Among media employees, attitudes to going back – if they are indeed given the option – will vary according to age, location, housing status, need for social contact and need to be in close proximity to particular institutions. They will also depend on the extent to which they believe career opportunities will be conferred on them just for showing up and claiming that flexible workstation – and the extent to which they believe career opportunities exist at all.

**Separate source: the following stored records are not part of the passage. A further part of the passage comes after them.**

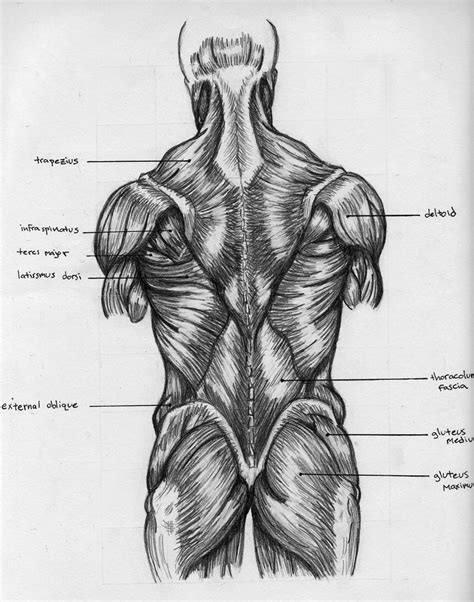 Chart Of Back Muscles
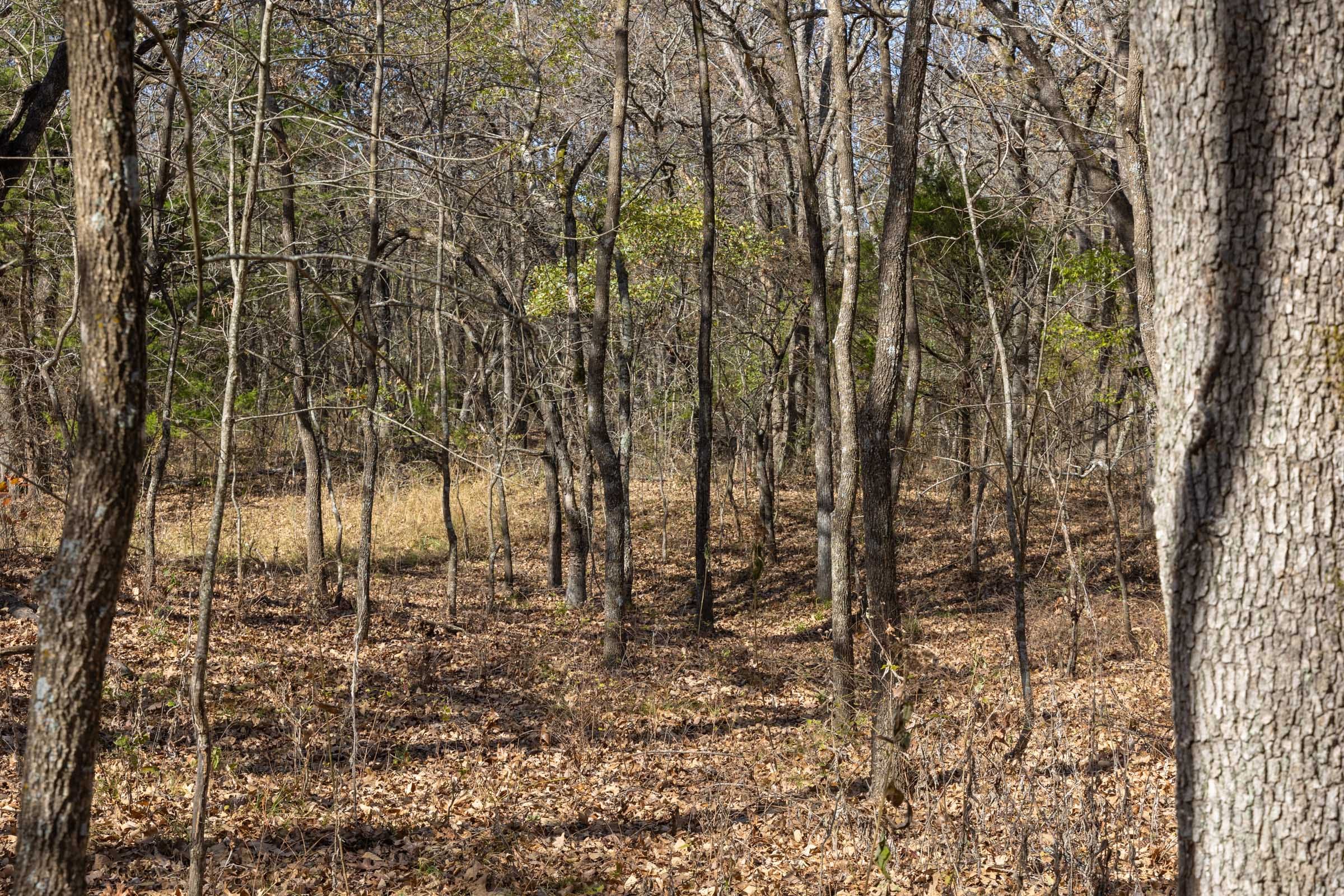 Harmony Hills Tract 41 photo 6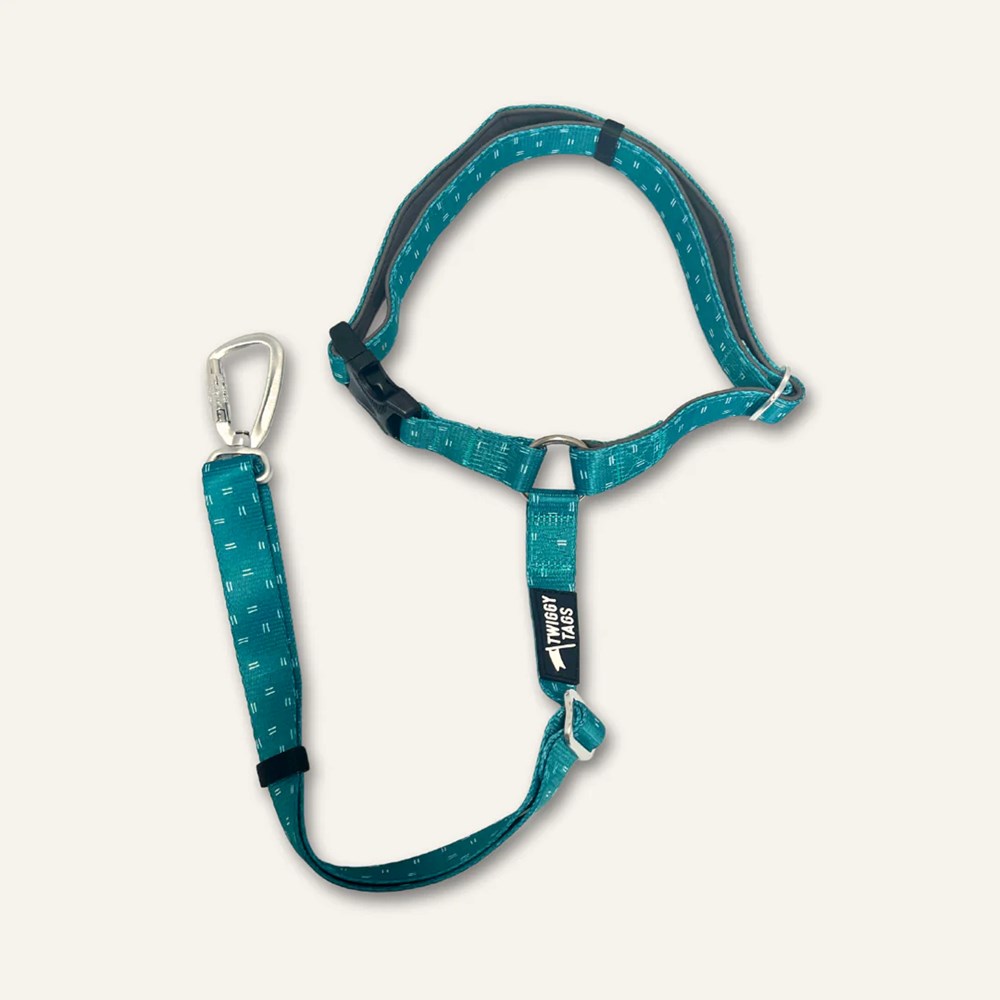 Twiggy Tags Adventure Dog Safety Seatbelt Tranquil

A pandemic-inspired reorganisation of the furniture would scarcely be a surprise

Very few will regard full-time remote working as a pure positive or, as Netflix chief executive Reed Hastings put it, a “pure negative”, which is why the preference for hybrid working tops so many surveys on the issue.

The pros and cons, it seems to me, are almost exactly the same in the media as they are in other sectors. Still, news publishers’ reopening sagas might yet play out in their own special way. Amid what are euphemistically referred to as the “challenges” of transitioning to digital, media outlets are intent on eliminating costs, and a pandemic-inspired reorganisation of the furniture would scarcely be a surprise.

As the US Poynter Institute for Media Studies asked last month, “do newsrooms have to be in... newsrooms?”

Empty desks

In last week’s column, noting how RTÉ director-general Dee Forbes said “going back to a full Donnybrook” will “probably not happen for some time”, I speculated that the empty desks could add weight to the semi-regular suggestions that RTÉ should one day cash in completely on its Montrose land.

In its case, the question of relocation is tied up in the expense of replicating broadcast infrastructure elsewhere. For many other media organisations, those considerations are much less complex. And they’re used to upping sticks: RTÉ is in situ at its current premises longer than most of the rest of the Irish national media are in theirs.

My guess is we’ll end up with many more Reach-like case studies than Washingtonian ones. Journalists should perhaps worry less about Merrill-esque threats and more about whether the use-it-or-lose-it principle applies and their choice disappears – with the place they once spent countless hours sold, subleased or reconfigured beyond recognition into “hubs”.